One reason is that hallucination (i.e., neural language models producing narratives that are factually wrong) is a much more serious problem in NLG than in MT. In NLG, hallucinations happen on a grand scale. We recently did a study of mistakes in basketball stories produced by neural NLG systems, and found that each story contained, on average, 20 factual errors (hallucinations). This is a huge number, and far beyond what is acceptable in Arria-type systems. Furthermore, many of these hallucinations were fairly subtle (e.g., “scored 8 points” instead of “scored 12 points”) and hence hard for readers to detect. The number of hallucinations would need to drop by at least a factor of 100 before Arria would consider using this technology in its systems.

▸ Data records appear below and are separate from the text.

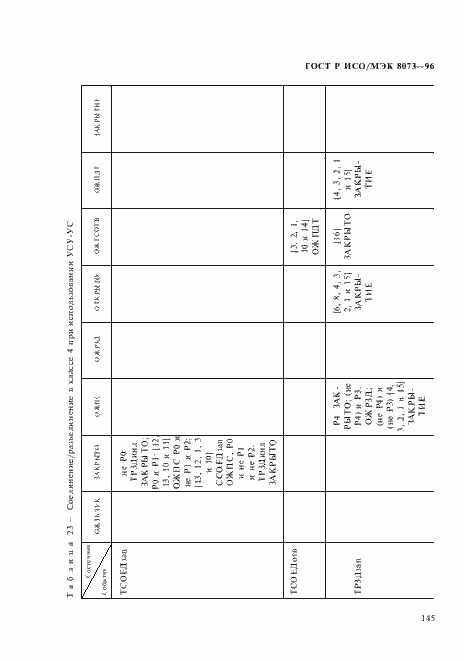 Страница 151 ГОСТ Р ИСО/МЭК 8073-96
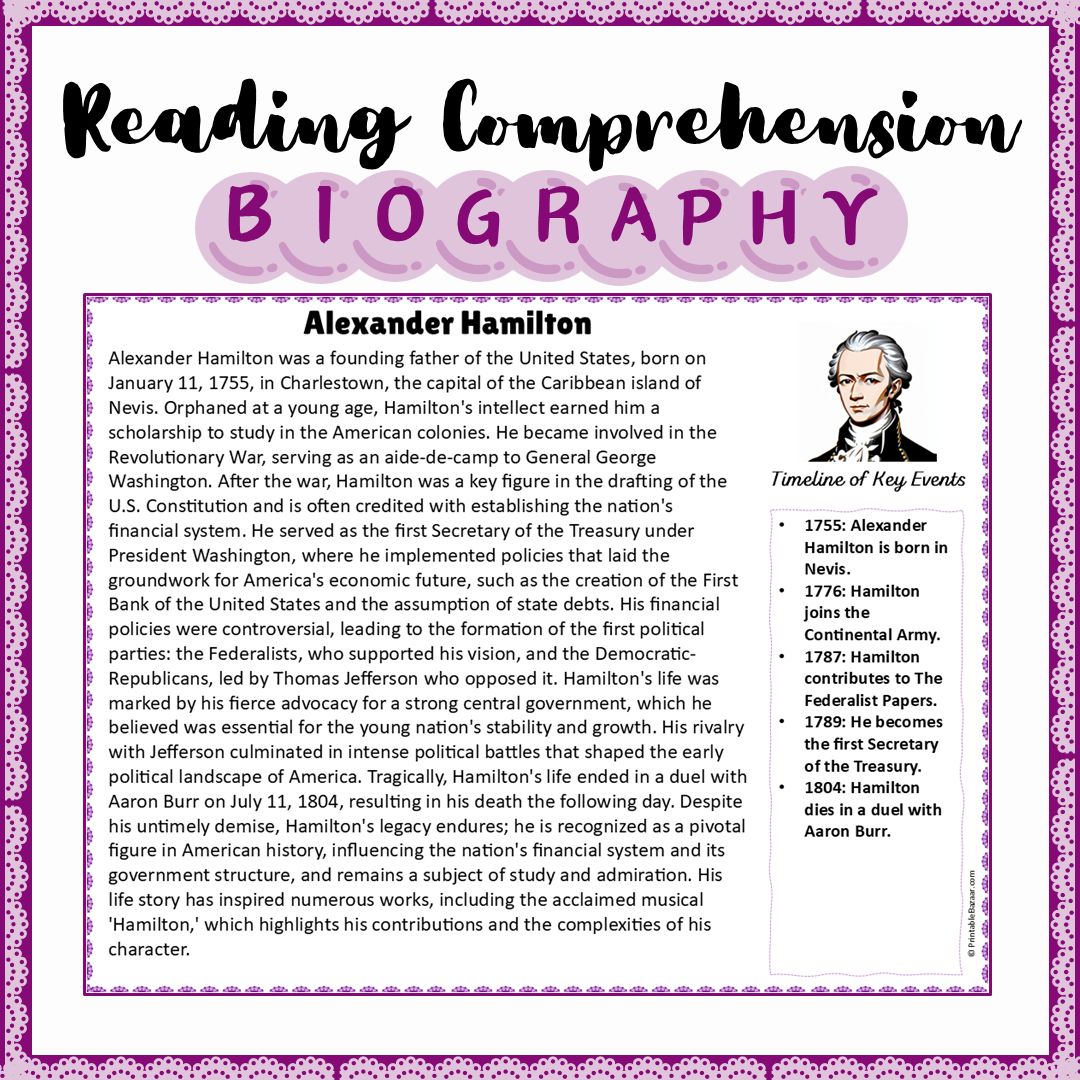 Alexander Hamilton | Biography Reading Comprehension and Questions Worksheet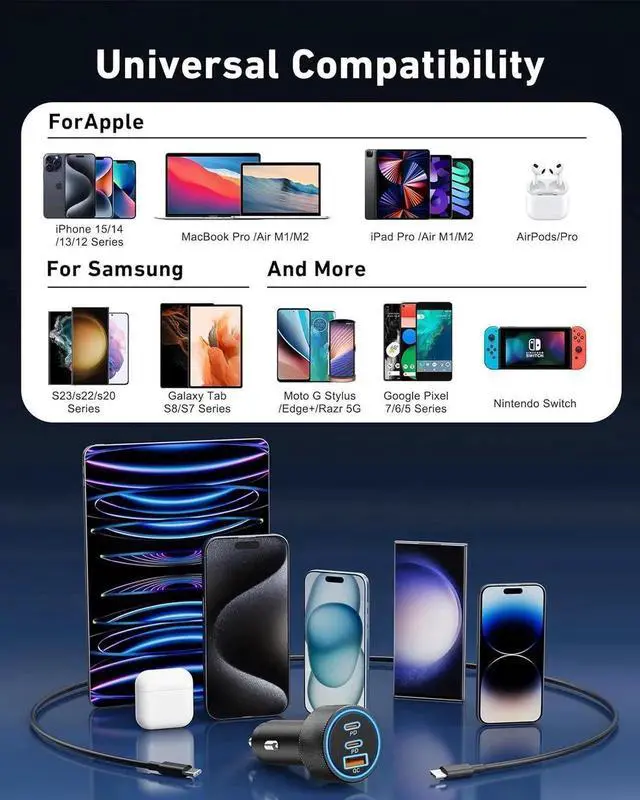 Alt view image 3 of 7 - USB C Car Charger, 3-Port 67W Dual USB-C & USB-A Car Power Adapter PD/QC Fast Charging Cigarette Lighter for iPhone 15/14/13/12/11/Pro Max, iPad, Samsung Galaxy S24/S23/S22/S21, Google Pixel, Android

In machine translation, though, hallucination happens less frequently, and when it does occur, it is usually in edge cases or situations where there is a serious mismatch between what the system is asked to translate and what it was trained on. In other words, when an MT system is operating in its “comfort zone”, hallucination is rare. Hallucination does occur when the MT system is pushed beyond its comfort zone, but even here most of the hallucinations result in texts that are obviously wrong to readers, because they contain nonsensical or repeated phrases. Hence, hallucination in MT is mostly a concern to MT vendors who sell systems to users in safety-critical applications (especially when the users don’t understand what the system’s comfort zone is).

To give an analogy, an MT system based on a neural language model is like a human translator who does a good job when translating news articles (which are well written in everyday language), but makes mistakes when translating clinical notes from a doctor (which are very technical and often poorly written). Such a translator is certainly useful provided we understand her limitations. A data-to-text NLG system based on a neural language model, though, is like a journalist who takes the philosophy “Don’t let facts get in the way of a good story” to an extreme, and writes stories that are plausible and well-written but have little connection to reality. This may be acceptable when generating fiction or fake news, but it is not acceptable when NLG texts are used to help people make important decisions!